Available as a payment method for digital content in the Windows Store, carrier billing will be an option for consumers in 52 nations, across 90 carriers, including AT&T, Sprint, T-Mobile and Verizon in the United States, according to Microsoft. “This is great for our customers who don’t have credit cards, but do have phones,” Myerson said.

Carrier billing, such as what Boku is enabling for Google Play digital content for Zain subscribers, should not be exotic, Adam Lee, Boku chief product officer, tells Digital Transactions News.

Consumers select carrier billing as a payment option when configuring their Google Play accounts, Lee says.

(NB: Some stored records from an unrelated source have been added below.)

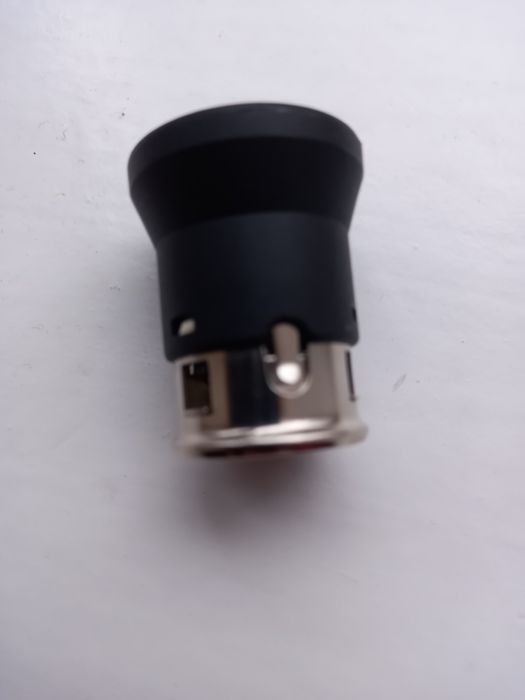 Продам новый прикуриватель на Ланос, Сенс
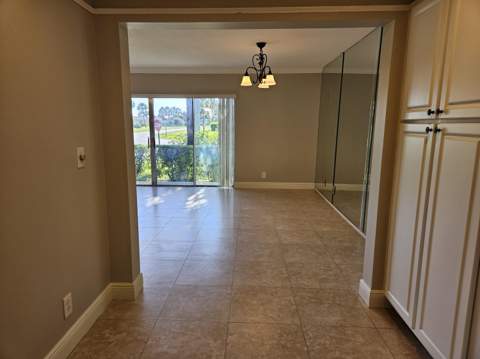 2886 Fernley Drive #1, West Palm Beach FL - photo 13 of 32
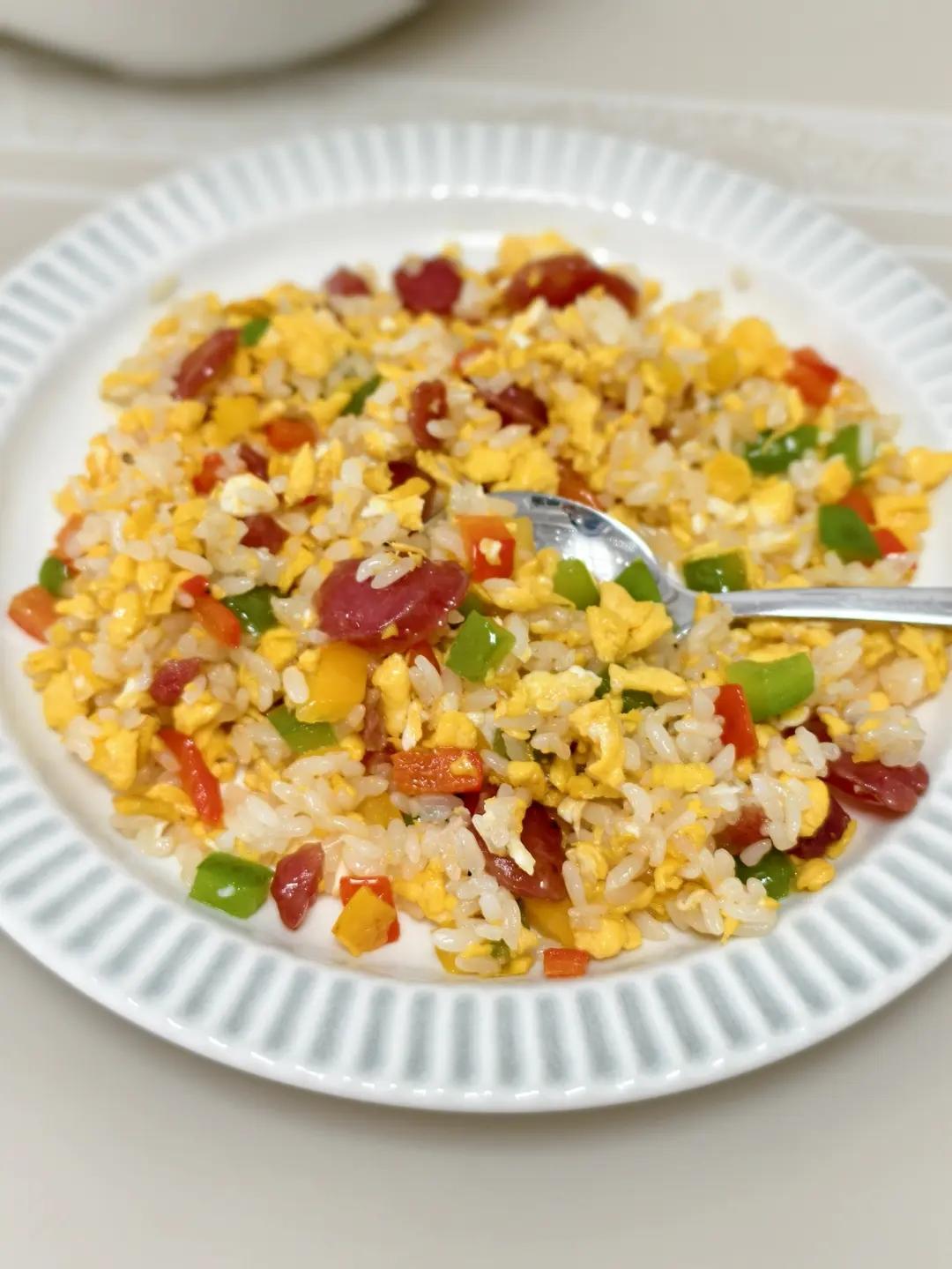 彩椒培根炒饭
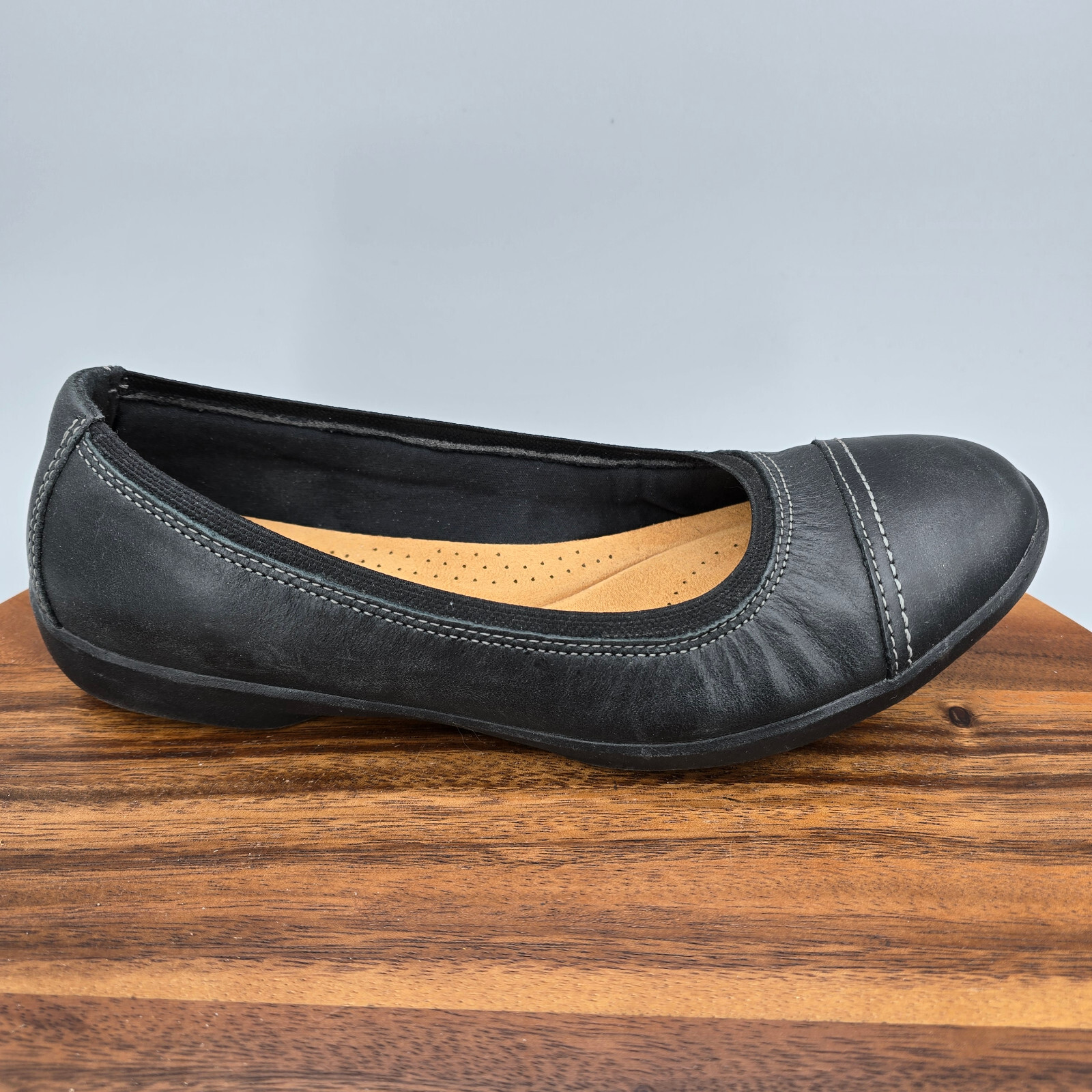 Clarks Womens Meadow Slip On Cap Toe Leather Flats Size 9.5 M Black Comfort Shoes-image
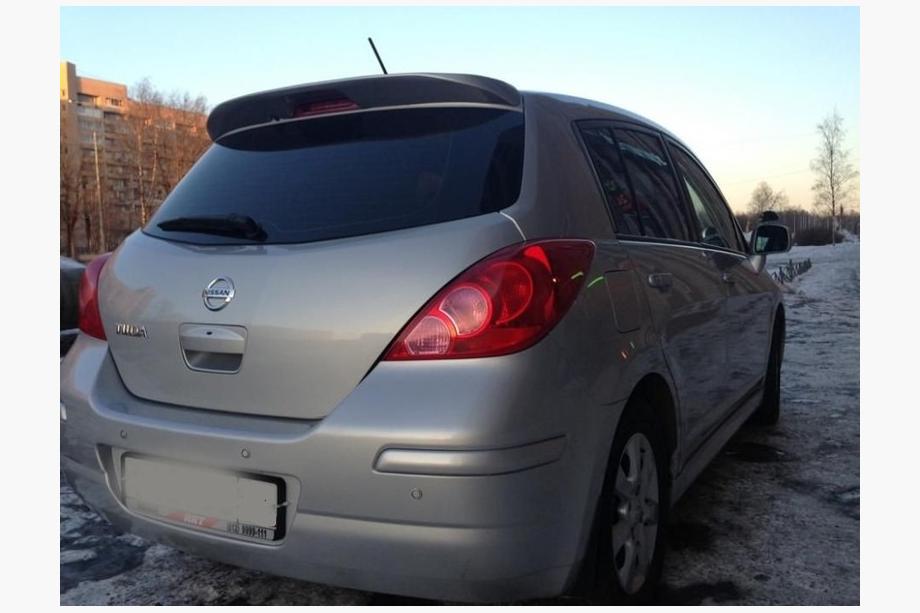 Nissan Tiida 2004–2011 Spoiler för halvkombi (HB) Image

Once that’s done, to make a Google Play purchases the consumer just taps the Buy button. “When you buy something on Google Play the user experience is pretty identical to any other funding source,” he says.

Typically, spending limits are restricted by the amount of available airtime or balances associated with a consumer’s wireless account, Lee says.

Both the Windows and Boku developments not only aid payments companies, but may bode well for wireless operators looking for other revenue sources.

“Not everyone has a credit or debit cards to pay for content,” says Mary Monahan, executive vice president and research director for mobile at Javelin Strategy & Research, a Pleasanton, Calif.-based payments advisory firm.

“And as the mobile operators fight for shrinking voice and text plans, they are keen to pick up new sources of revenue,” she adds. “Carrier billing has definitely grown up: Of those U.S. adults who use their phones for purchasing, 7% say that carrier billing is the form of payment they use most.”

As a payment method carrier billing is a niche, says Andrew Copeman, an analyst at Boston-based Aite Group LLC. “Niches in payments can be very big,” he tells Digital Transactions News. “It’s a borderless type of play.”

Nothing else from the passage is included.